Practical Exercises — Chapter 2

Exercise 1: Transcribe an English Audio File

Task:

Use the Whisper API to transcribe a short .mp3 audio file containing English speech.

Solution:

import openai
import os
from dotenv import load_dotenv

load_dotenv()
openai.api_key = os.getenv("OPENAI_API_KEY")

audio_file = open("english_note.mp3", "rb")

transcript = openai.Audio.transcribe(
    model="whisper-1",
    file=audio_file,
    response_format="text"
)

print("Transcript:\n", transcript)

Exercise 2: Translate Foreign Language Audio into English

Task:

Upload a non-English audio file and translate it into English using the Whisper API.

Solution:

translated = openai.Audio.translate(
    model="whisper-1",
    file=open("spanish_clip.mp3", "rb"),
    response_format="text"
)

print("Translation:\n", translated)

Exercise 3: Upload and Analyze an Audio File with GPT-4o

Task:

Upload an .mp3 audio file and ask GPT-4o to summarize it.

Solution:

audio_upload = openai.files.create(
    file=open("meeting_summary.mp3", "rb"),
    purpose="assistants"
)

response = openai.ChatCompletion.create(
    model="gpt-4o",
    messages=[
        {
            "role": "user",
            "content": [
                {"type": "text", "text": "Please summarize this meeting."},
                {"type": "audio", "audio": {"file_id": audio_upload.id}}
            ]
        }
    ]
)

print("Summary:\n", response["choices"][0]["message"]["content"])

Exercise 4: Generate a Spoken Response Using Text-to-Speech

Task:

Take a GPT-generated reply and convert it to speech using OpenAI’s TTS API.

Solution:

text_to_speak = "Sure!
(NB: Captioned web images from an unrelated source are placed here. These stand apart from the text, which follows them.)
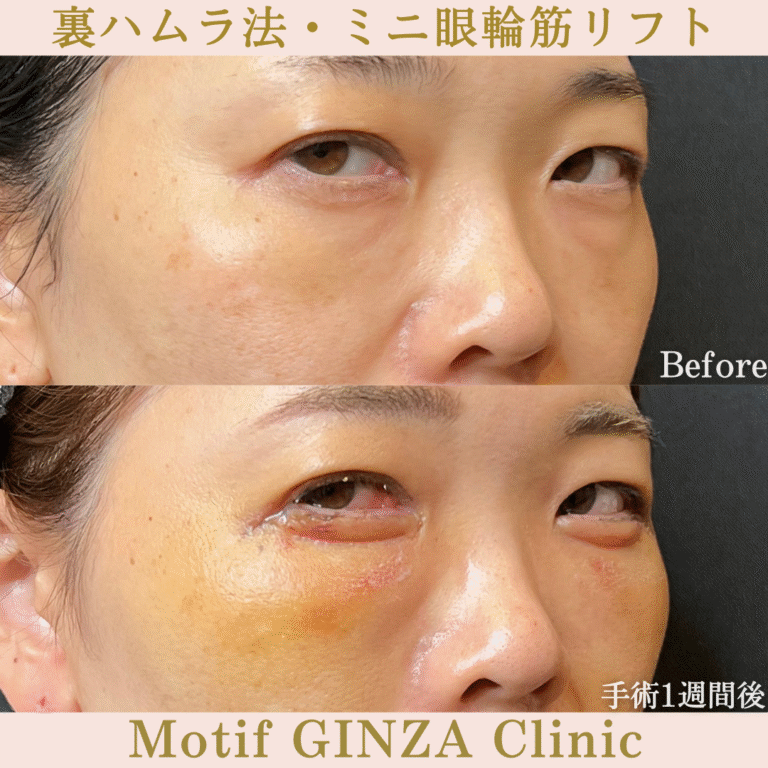 裏ハムラ法・ミニ眼輪筋リフト（手術１か月）の写真6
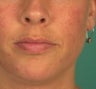 PDt for acne treatment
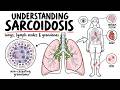 Sarcoidosis Explained Non-Caseating Granulomas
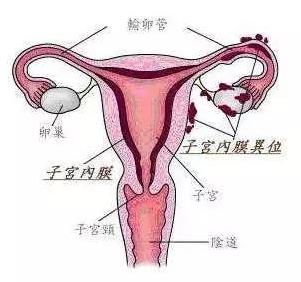 呼市五洲醫(yī)院治病靠譜嗎?子宮內(nèi)膜薄造成的不孕不育原因是什么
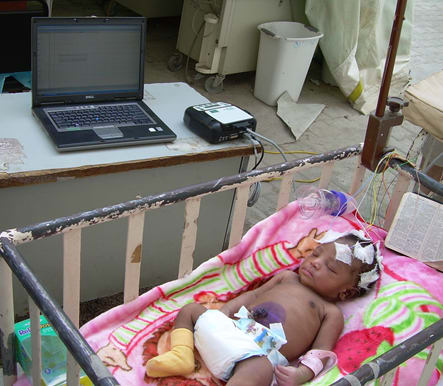 Newborn with neonatal seizures undergoing EEG evaluation in a tent housing the neonatal care unit at University Hospital.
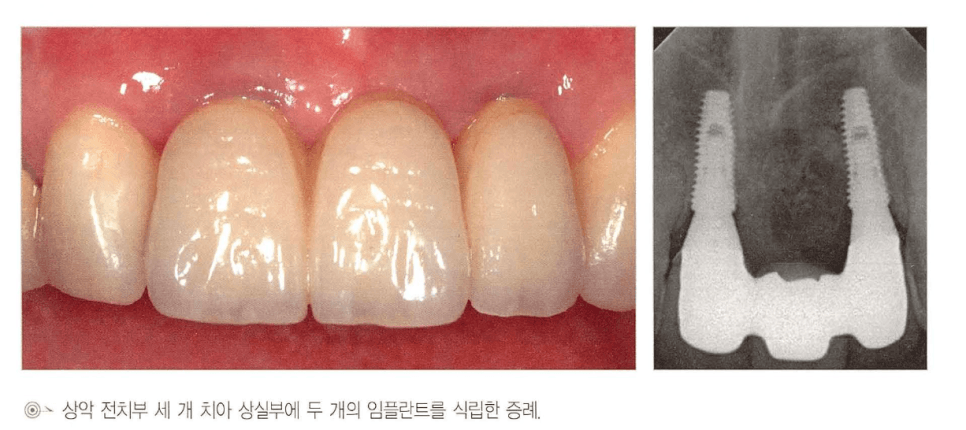 상악 전치부 3개 상실부에 임플란트 2개를 식립하고 중간을 pontic으로 처리한 임상 증례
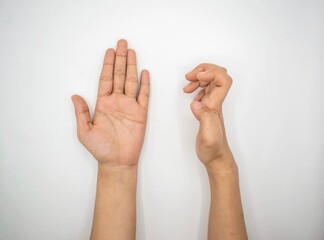 Volkmann contracture in right hand of Asian young woman.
The marketing meeting discussed Q3 strategies and budget allocations."

speech = openai.audio.speech.create(
    model="tts-1",
    voice="nova",
    input=text_to_speak
)

with open("spoken_reply.mp3", "wb") as f:
    f.write(speech.content)

print("Voice reply saved as 'spoken_reply.mp3'")

Exercise 5: Build a Voice-to-Voice Mini Assistant

Task:

Build a basic pipeline that accepts audio, generates a response using GPT-4o, and replies back using synthesized voice.

Solution:

# Step 1: Upload audio
uploaded_audio = openai.files.create(
    file=open("user_voice_prompt.mp3", "rb"),
    purpose="assistants"
)

# Step 2: GPT-4o processes it
chat = openai.ChatCompletion.create(
    model="gpt-4o",
    messages=[
        {
            "role": "user",
            "content": [
                {"type": "text", "text": "Please answer this question politely."},
                {"type": "audio", "audio": {"file_id": uploaded_audio.id}}
            ]
        }
    ]
)

reply = chat["choices"][0]["message"]["content"]

# Step 3: Convert GPT reply to audio
tts = openai.audio.speech.create(
    model="tts-1",
    voice="echo",
    input=reply
)

with open("voice_response.mp3", "wb") as f:
    f.write(tts.content)

print("Assistant reply saved as 'voice_response.mp3'")

In these exercises, you practiced:

  • Uploading and transcribing audio with Whisper
  • Translating foreign speech to English
  • Summarizing and interpreting audio with GPT-4o
  • Converting GPT replies into natural-sounding speech
  • Building your first voice-to-voice assistant pipeline

You now have all the tools to powerfully integrate speech into any AI project, whether you're building a language tutor, accessibility assistant, voice-based productivity tool, or smart speaker experience.